Your job is to return every line of the listing holding the string "Tree".

Exercise input:
[Start of Attachment]

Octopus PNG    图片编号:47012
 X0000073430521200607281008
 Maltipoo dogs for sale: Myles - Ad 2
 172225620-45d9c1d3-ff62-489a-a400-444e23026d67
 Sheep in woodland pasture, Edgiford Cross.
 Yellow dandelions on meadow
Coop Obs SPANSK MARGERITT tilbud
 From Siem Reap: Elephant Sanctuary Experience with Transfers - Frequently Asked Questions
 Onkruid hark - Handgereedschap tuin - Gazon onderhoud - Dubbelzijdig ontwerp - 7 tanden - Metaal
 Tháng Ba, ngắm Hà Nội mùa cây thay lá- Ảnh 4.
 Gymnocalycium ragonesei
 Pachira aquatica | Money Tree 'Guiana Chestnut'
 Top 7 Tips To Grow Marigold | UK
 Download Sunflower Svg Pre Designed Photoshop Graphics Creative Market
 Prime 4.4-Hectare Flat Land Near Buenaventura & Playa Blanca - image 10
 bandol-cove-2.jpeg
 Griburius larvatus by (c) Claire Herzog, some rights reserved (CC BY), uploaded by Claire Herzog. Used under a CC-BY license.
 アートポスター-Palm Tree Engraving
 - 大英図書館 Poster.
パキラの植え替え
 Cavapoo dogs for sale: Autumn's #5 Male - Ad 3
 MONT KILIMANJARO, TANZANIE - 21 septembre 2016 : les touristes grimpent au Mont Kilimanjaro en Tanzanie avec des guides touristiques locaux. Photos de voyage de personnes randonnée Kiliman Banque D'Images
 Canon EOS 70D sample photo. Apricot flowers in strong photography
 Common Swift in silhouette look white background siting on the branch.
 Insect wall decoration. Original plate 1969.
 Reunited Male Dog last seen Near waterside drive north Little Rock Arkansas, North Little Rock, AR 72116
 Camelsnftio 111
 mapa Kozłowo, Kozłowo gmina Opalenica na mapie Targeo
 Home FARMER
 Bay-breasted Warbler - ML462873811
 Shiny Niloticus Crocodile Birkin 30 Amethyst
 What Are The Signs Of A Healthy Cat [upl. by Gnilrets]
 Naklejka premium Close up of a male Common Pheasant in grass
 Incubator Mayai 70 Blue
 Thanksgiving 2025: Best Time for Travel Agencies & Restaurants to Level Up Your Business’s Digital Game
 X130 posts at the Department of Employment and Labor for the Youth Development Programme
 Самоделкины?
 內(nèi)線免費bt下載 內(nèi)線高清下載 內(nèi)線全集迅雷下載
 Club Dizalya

[End of Attachment]

Answer below:
 Pachira aquatica | Money Tree 'Guiana Chestnut'
 アートポスター-Palm Tree Engraving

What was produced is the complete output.